I've use spitfire 3-blade mechanical broadheads on about 9 deer. Sometimes the entrance/exit hole is closed or small leaving little blood trail.

What I am looking for is a broadhead that flys staight, kills deer and leaves a good blood trail.

Are mechanical broadheads better, fly straighter, ect.? Downfalls?

I have been looking at the Rage-2 with 3/4-inch diameter in flight and expands to 2 full inches. Who has tried these Rage-2 and do they fly like it says or is this just the regular BS that companies stamp on there equipment?
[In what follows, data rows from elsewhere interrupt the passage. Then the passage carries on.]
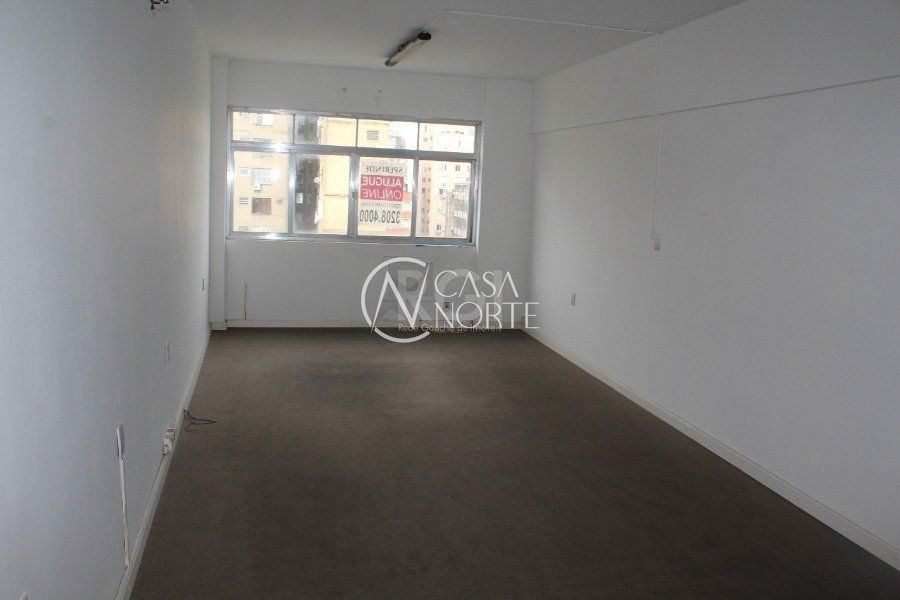 Sala Comercial à venda , 42m², Rua General Andrade Neves no bairro Centro Histórico em Porto Alegre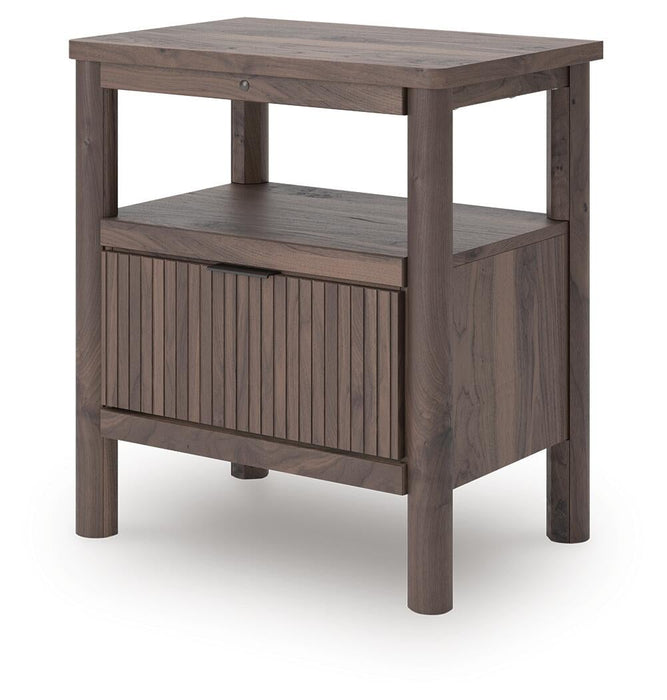 Pamytta Queen Panel Platform Bed, Dresser, Mirror and Nightstand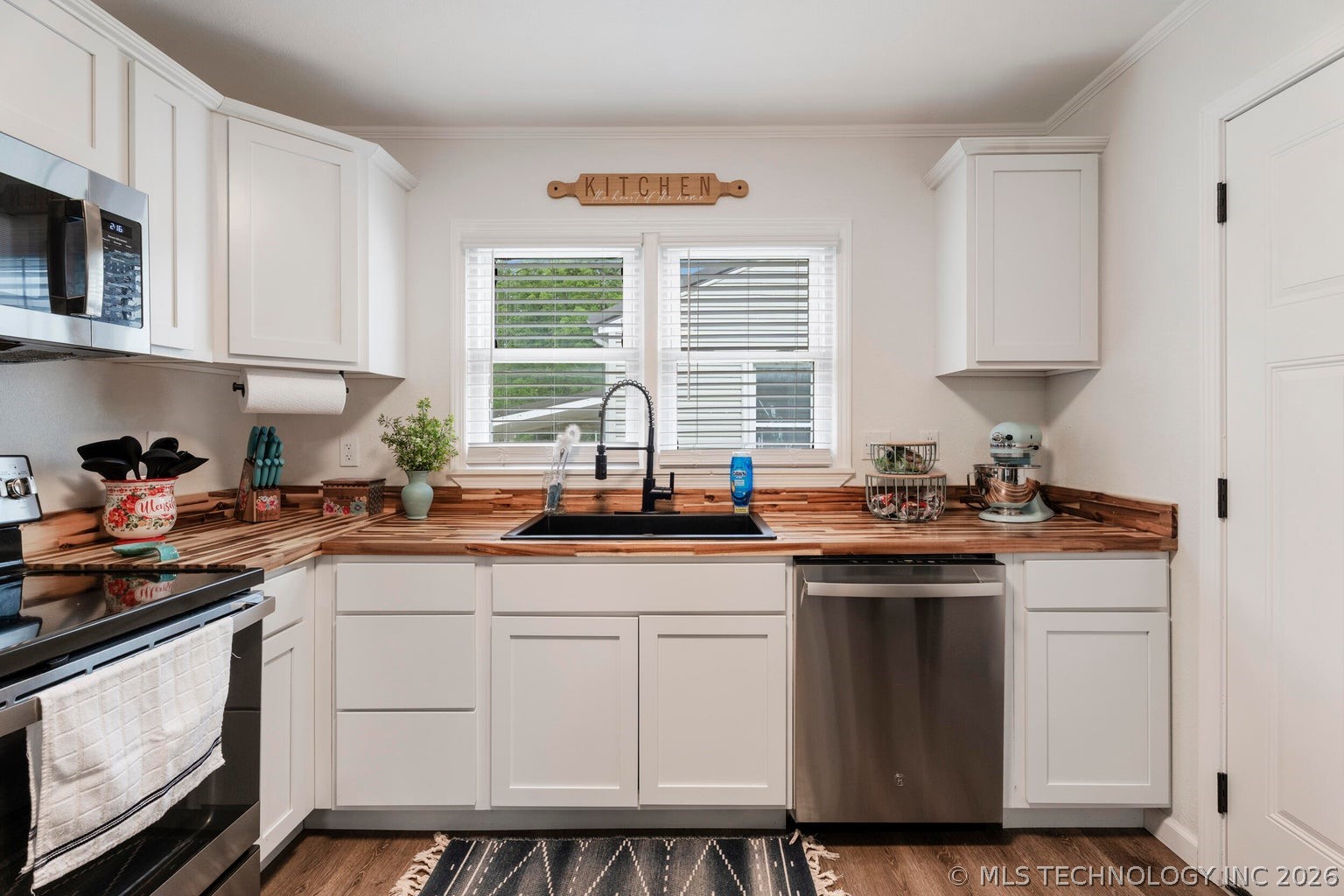 1925 B Street Ne Property Photo 7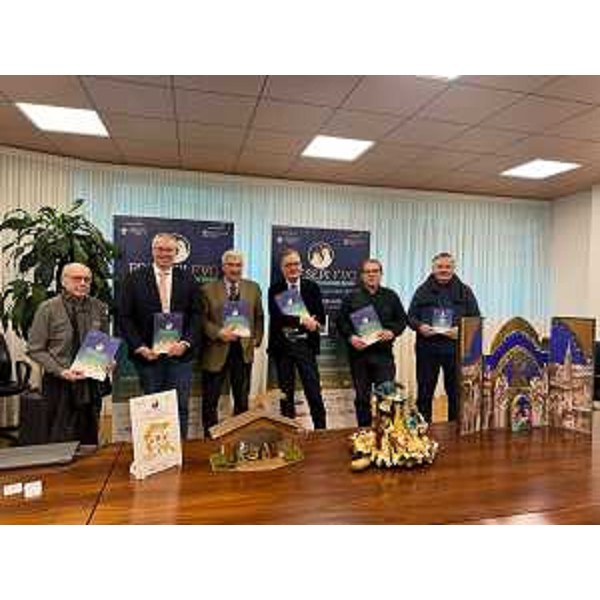 La foto di gruppo al termine della conferenza stampa: il presidente del Cr Fvg, Mauro Bordin, è il secondo da sinistra - La foto di gruppo al termine della conferenza stampa: il presidente del Cr Fvg, Mauro Bordin, è il secondo da sinistra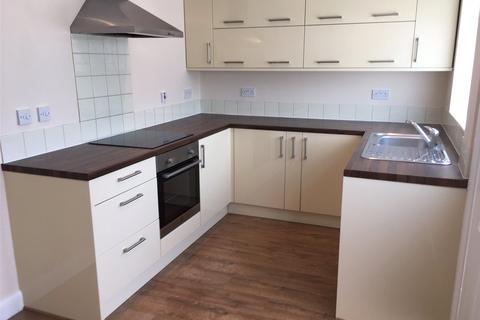 3 bedroom terraced house to rent, Lord Lytton Avenue, Wyken, Coventry, West Midlands, CV2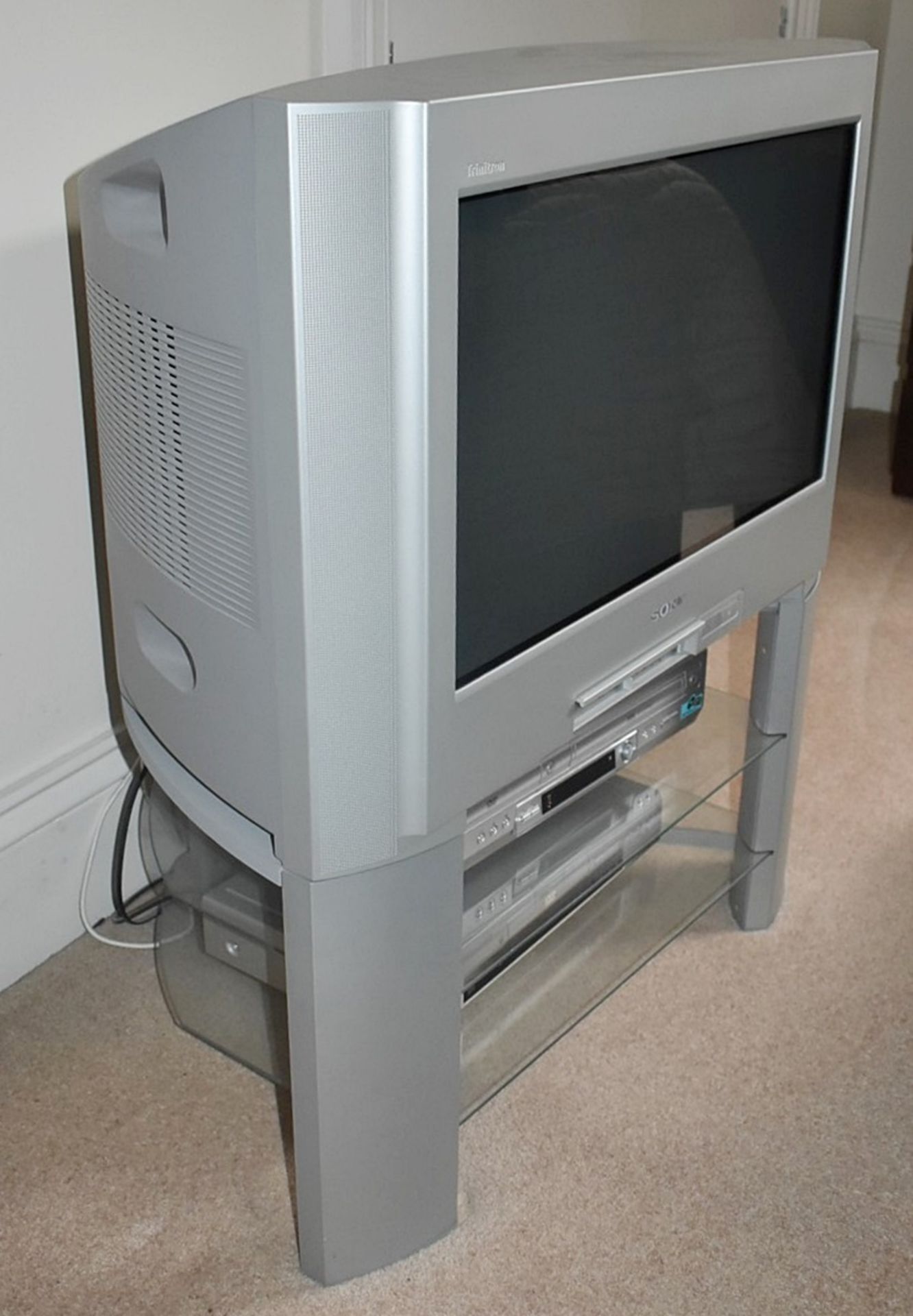 1 x Sony 27" Digital TV On Stand + VHS Video / DVD Player + DVD/CD Player - CL491 *NO VAT*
I saw a weak challenge of the Rage 2 V.s. Rage 3. Does someone have a "no kidding" field experience story on the difference?


----------



## mossy512 (Jan 7, 2006)

The guy that runs the bow shop I use tried the Rage this last season and said he was not impressed. He said he was gong back to Muzzy this year the MX4's. He said something about the rings allowed the blades to flop around.


----------



## RiverRob (Jul 24, 2007)

I would say play it safe and get a head that nots going leave you with any second guesses. Rage heads might have the sliding blades instead of the rotating making them more appealing then other mechanicals but in the long run they are still mechanicals. To many what ifs. Deployment, penetration, ruggedness ect. For 30-40$ heads and 22$ replacement blades, I wouldnt waste my money on em. You could probaly re sharpen them but at some point your going to need new blades. That head could get messed up pretty easy. Blades break from bone, if you get a pass through and hit something on the other side, you cant send the head in and get a new one. If your set up is tuned properly to begin with you shouldnt have a problem tuning any head. Youd be better off goint with a head from Magnus. Anything happens to it send it in and get a new one no ?? askes. Easy to sharpen, cut on contact penetration, rugged construction, fly great, and excellent customer service. Would you use a Rage on grizz, moose or even a polar bear I sure as hell wouldnt so why use it on anything else. Thats my two cents. Ask Uncle Ted he'll tell yah.


----------